WHAT IS BEING ASKED: Everything from the line holding "Good Quality Louis" to the end of the listing below should be copied exactly, line for line, minus the pictures.

DATA FOR THE TASK:
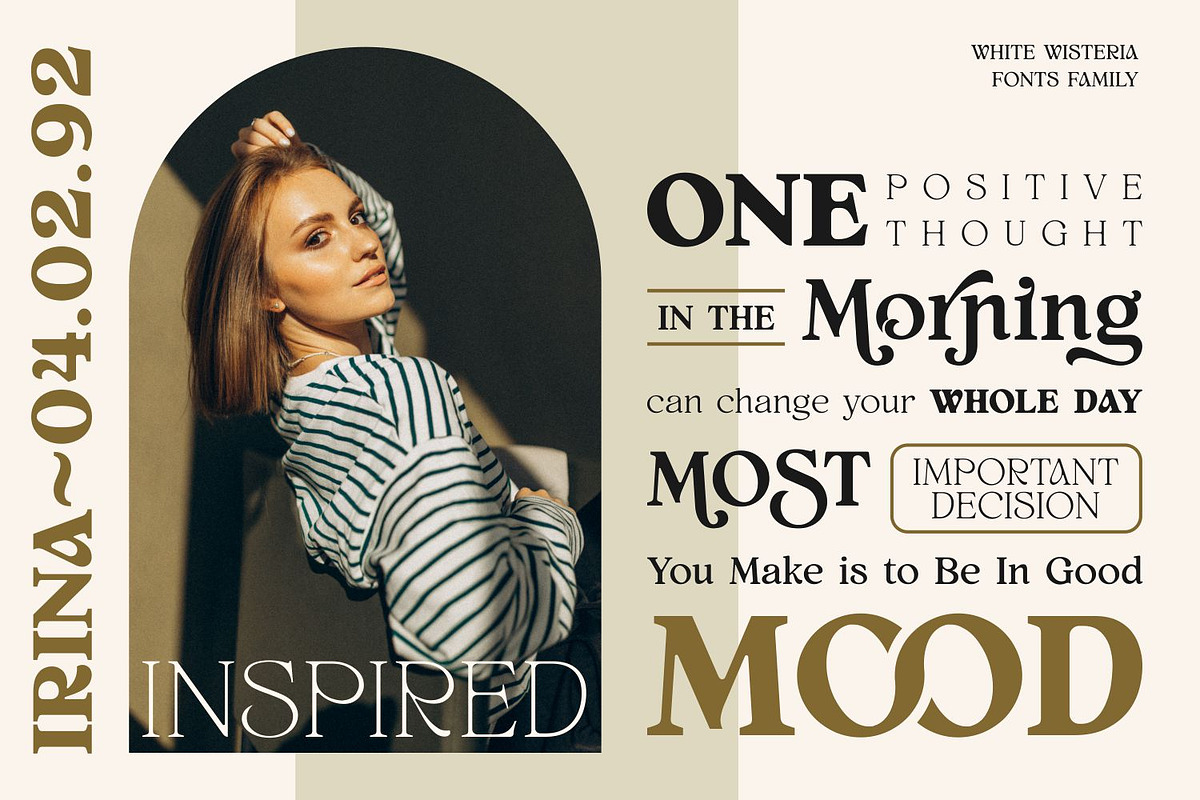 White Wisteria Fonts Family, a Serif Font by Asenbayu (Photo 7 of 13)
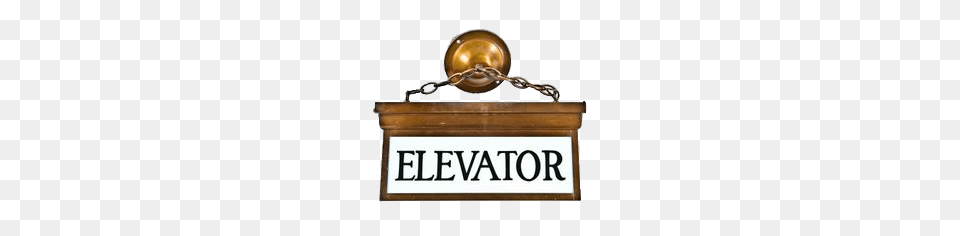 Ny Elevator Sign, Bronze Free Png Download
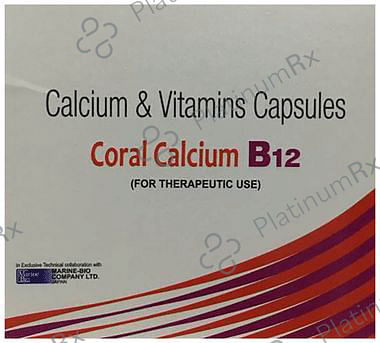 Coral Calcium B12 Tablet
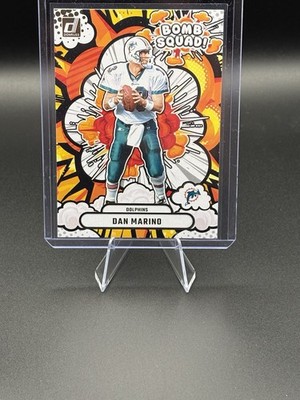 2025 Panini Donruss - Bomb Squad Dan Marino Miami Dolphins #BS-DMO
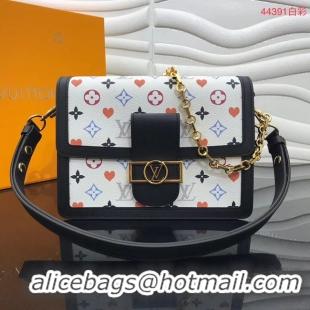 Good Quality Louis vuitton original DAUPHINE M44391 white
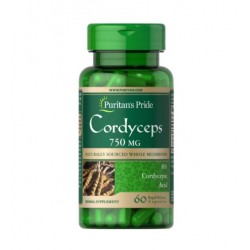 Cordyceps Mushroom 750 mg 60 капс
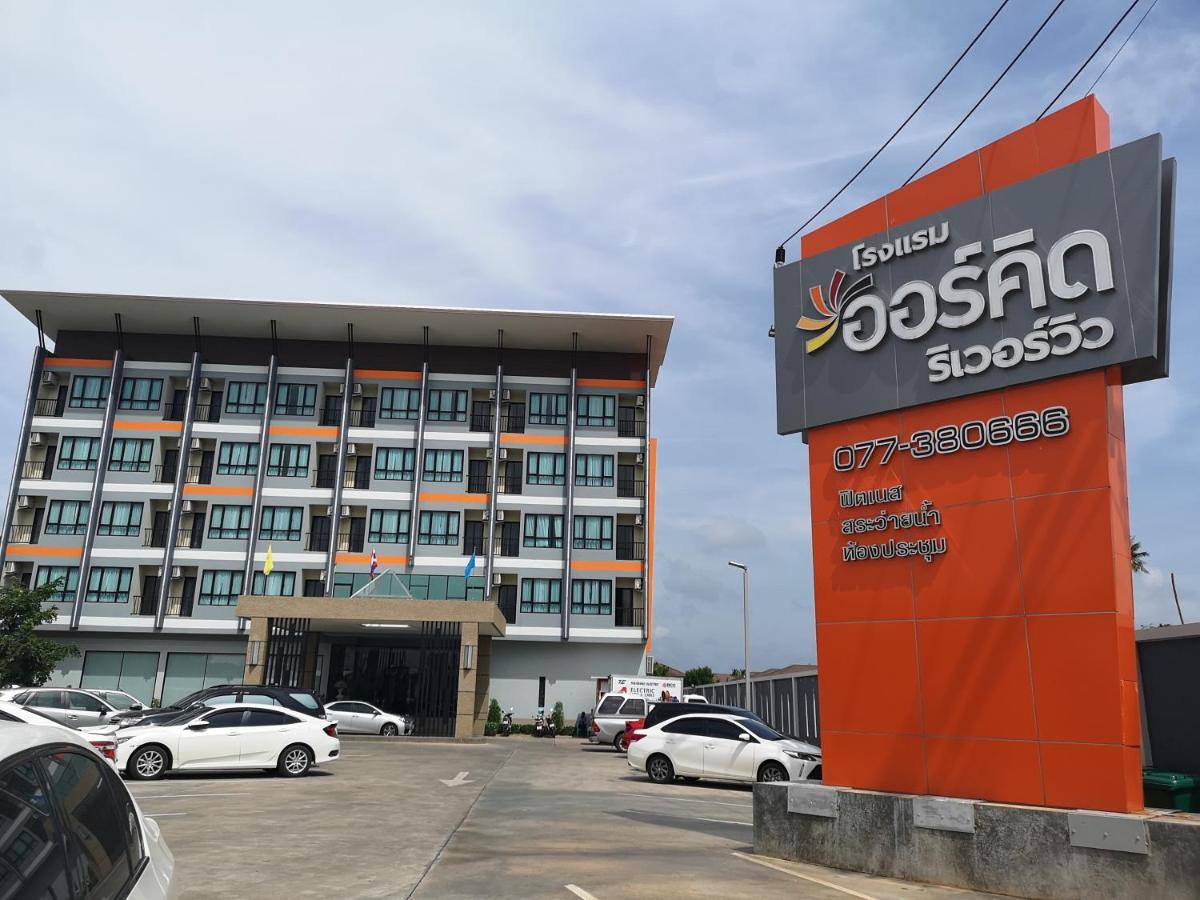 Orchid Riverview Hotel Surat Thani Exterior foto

RESPONSE:
 Good Quality Louis vuitton original DAUPHINE M44391 white
 Cordyceps Mushroom 750 mg 60 капс
 Orchid Riverview Hotel Surat Thani Exterior foto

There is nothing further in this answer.